A key document for understanding Malcolm X is his Autobiography, published posthumously by Alex Haley. The Autobiography highlights the changes Malcolm went through during his life while also maintaining several consistent concerns. However, despite its usefulness, this document needs to be viewed in the context in which it was produced.
At that period in his life, Malcolm was being subjected to pressures on various fronts, and it is possible that he filtered the kinds of things he revealed to Haley (not to mention what Haley might have filtered; ongoing studies of his recently released papers should be instructive). This is less so perhaps in his early life history, but regarding the last years, the Autobiography needs to be read along with other works.
Clayborne Carson, in his book on the FBI’s Malcolm X files, points out that using only the Autobiography is limiting in certain ways - especially in charting Malcolm’s political growth. Carson offers the FBI files as a way to fill in the gaps. Unfortunately, Carson also falls into tunnel vision, and his commentary is brief without much interpretation.
To understand the complexities of Malcolm X, the reader needs to supplement works like Haley and Carson with a broad selection of speeches (taking note of growth as well as consistency), accounts by contemporaries (for example, Remembering Malcolm by his close associate Benjamin Karim), and additional government files (such as used by Karl Evanzz in The Judas Factor), including those from the FBI and CIA.
In Carson’s FBI Files, one finds mostly descriptive memos, informant reports, and reprints from various media sources. There are very few prescriptive memos - the only major ones are requests to determine if Malcolm was violating the Logan Act and if he could be considered as an agent for a foreign State. From this collection alone, one is left with the picture that the FBI had interest in keeping tabs on Malcolm X, but didn’t implement any counter intelligence programs (COINTELPRO) against him.

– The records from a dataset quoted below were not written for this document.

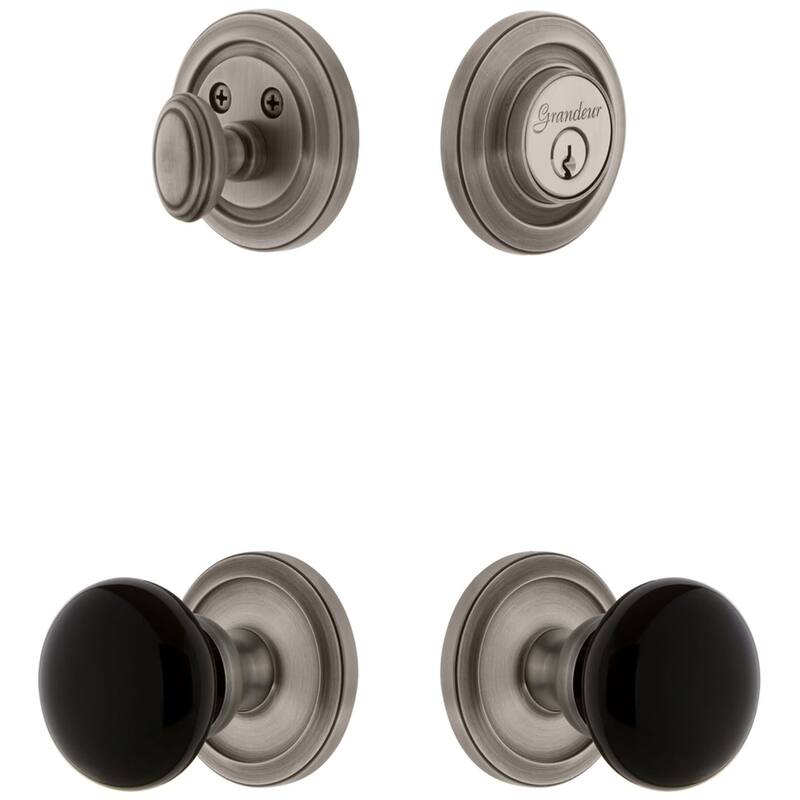 Grandeur Circulaire Solid Brass Rose Single Cylinder Keyed Entry - Antique Pewter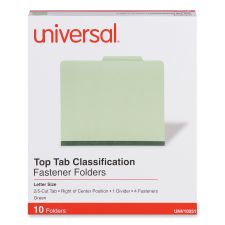 Universal Four-Section Pressboard Classification Folders, 2" Expansion, 1 Divider, 4 Fasteners, Letter Size, Green Exterior, 10/Box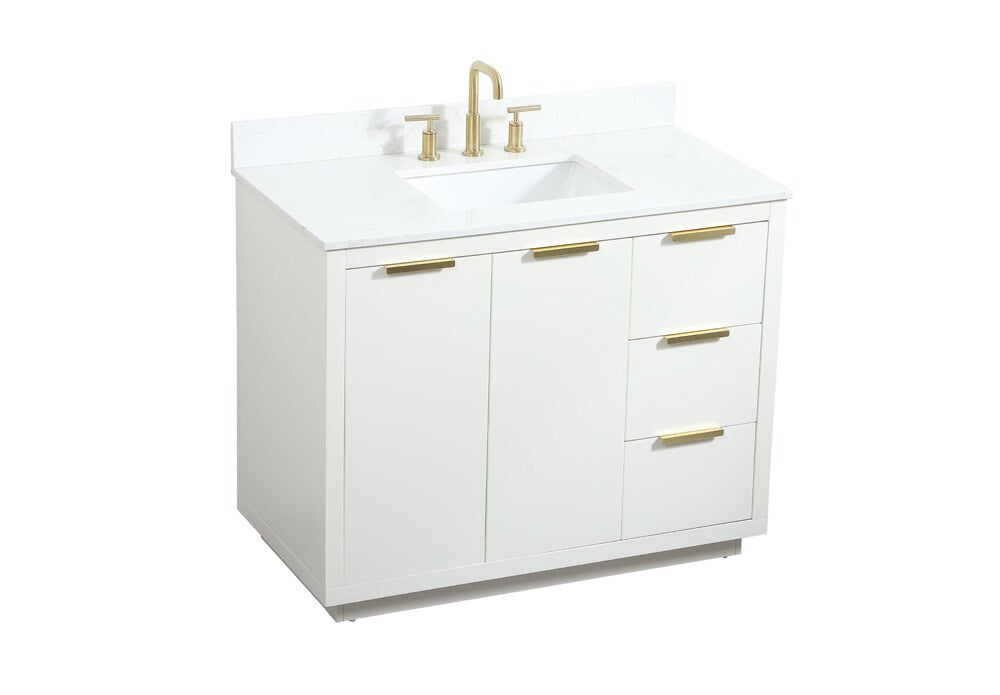 Elegant Furniture & Lighting - Blake 42 inch Single bathroom vanity in white with backsplash - VF19442WH-BS veiw 15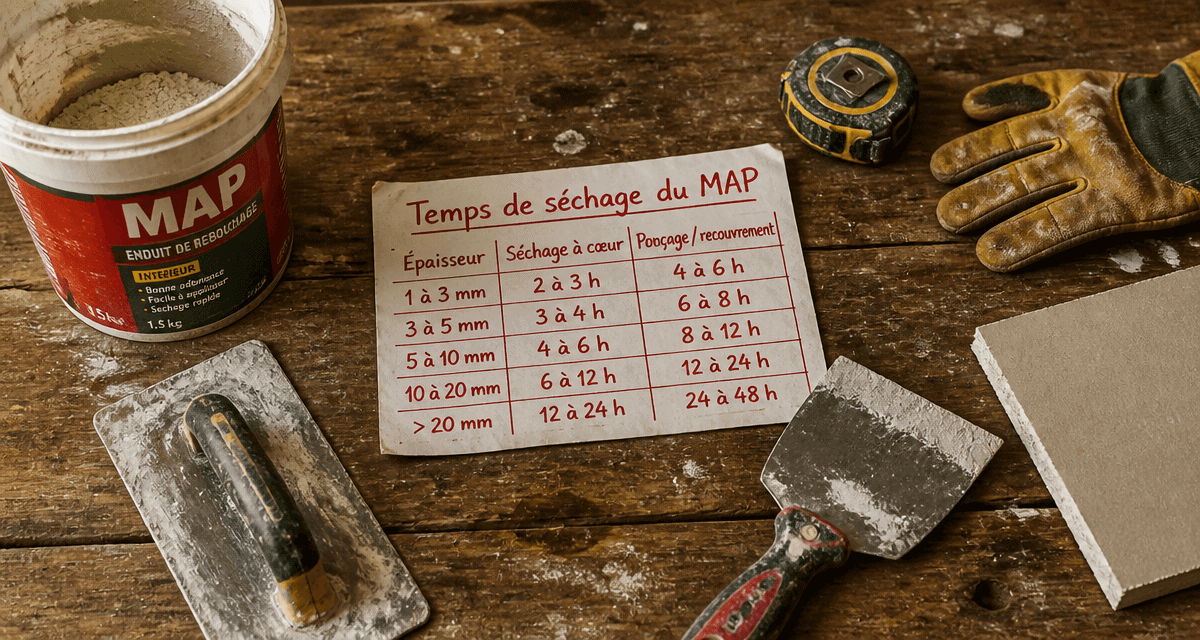 temps sechage map outils chantier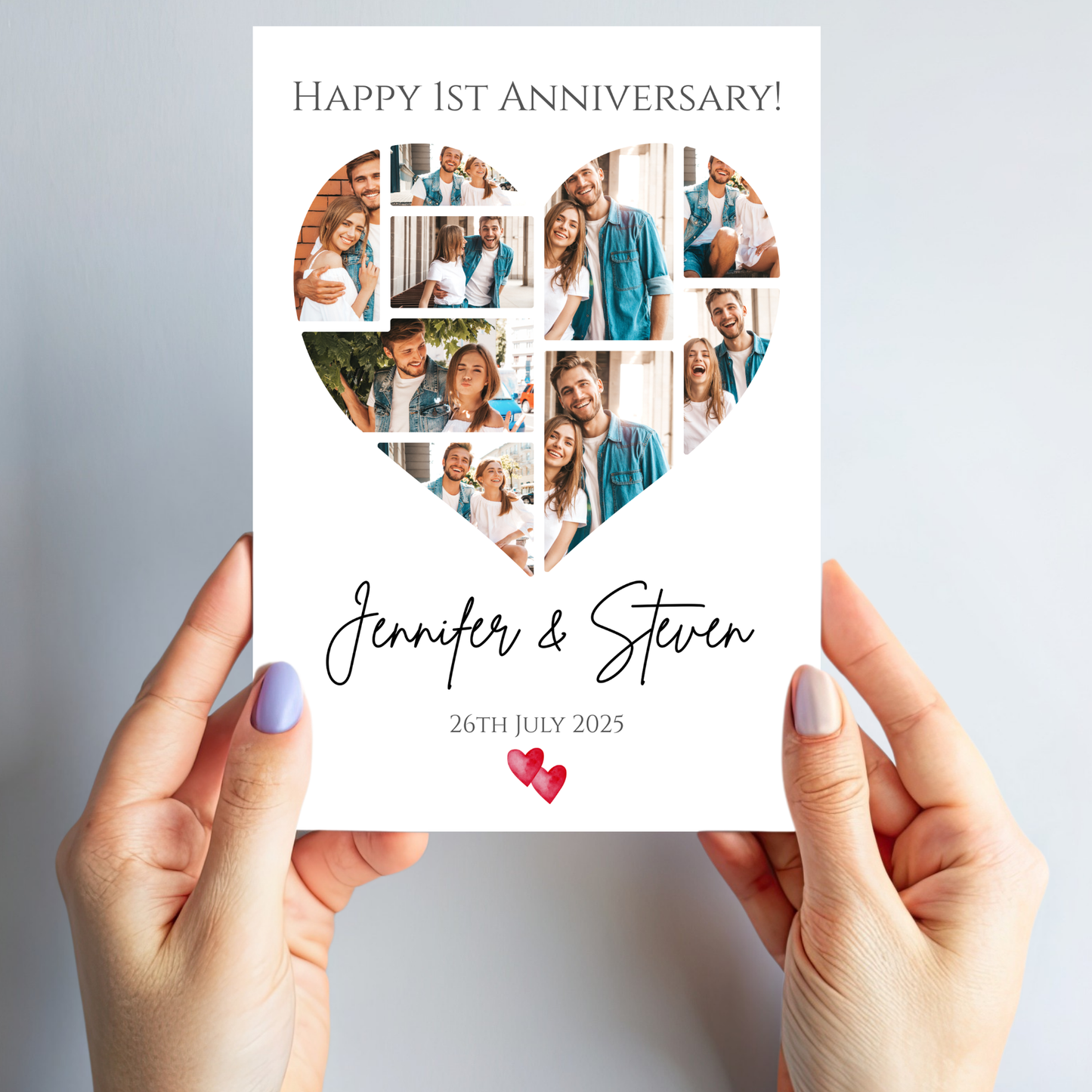 Heart Anniversary Photo Collage - 9 Photo Memories Card - PC02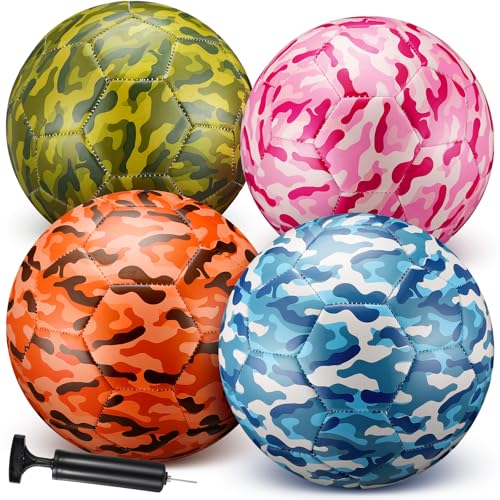HyDren 4 Pcs Soccer Ball with Pump Official Size 4/5 Deflated Soccer Balls Bulk for Outdoor Indoor Practice Training Sport Gift for Kid Teen Youth Adult Back to School - size: Size 4, style: Camouflage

However, in Evanzz’s Judas Factor, an entirely different picture emerges. Evanzz makes use of two FBI files on Malcolm - the HQ (Headquarters file) and the Public file. Carson doesn’t make a distinction between the two, but from the several cases in which it is possible to match one of Evanzz’s references to one of the documents reprinted in Carson, it appears that Carson was using the HQ file. In addition to the HQ file, Evanzz uses FBI files on several other figures and organizations, as well as CIA files.
Carson doesn’t discuss the files he used, except to say that he deleted repetitive items, and some media items. While there are several references in Evanzz from the HQ files which are not found in Carson, Evanzz only gives excerpts from these files, where as Carson gives the entire file.
Additional sources suggest that the US government was involved in a more direct way against Malcolm than is implied by the files Carson reproduces. >From works like Ward Churchill and Jim Vander Wall’s collections and discussions of government intelligence (e.g. The COINTELPRO Papers, or Agents of Repression), it is not hard to see that the FBI was engaged in major operations against the various Black Liberation movements. Reading Evanzz, one gathers that this was the case with Malcolm, whereas Carson implies that the FBI was undecided as to what to do with him. This latter view is also found in Karim, who suggests that the government didn’t know how to deal with Malcolm, so the FBI just kept a file.
In the Autobiography, there are instances in which Malcolm notes that he is being followed overseas (at one point he even confronts someone who was following him in Africa), implying CIA action (this is also alluded to in the incident in which he was barred from entering France in 1964). Malcolm also notes that the Nation of Islam was not capable of some of the things that happened to him during the last few months of his life. This suggests that there were COINTELPRO actions against him, and that several agencies may have worked in cahoots, giving further creedence to Evanzz’s sources.
Much of this documentation misses the personal attributes of Malcolm X, such as his honesty and dedication, his consistent moral stance in various contexts, and his struggle for human dignity. And despite his political rethinking, there is a continuity in these moral aspects that got buried under various political analyses. Malcolm’s moral stances and struggles for human dignity are closely related to his acceptance of Islam.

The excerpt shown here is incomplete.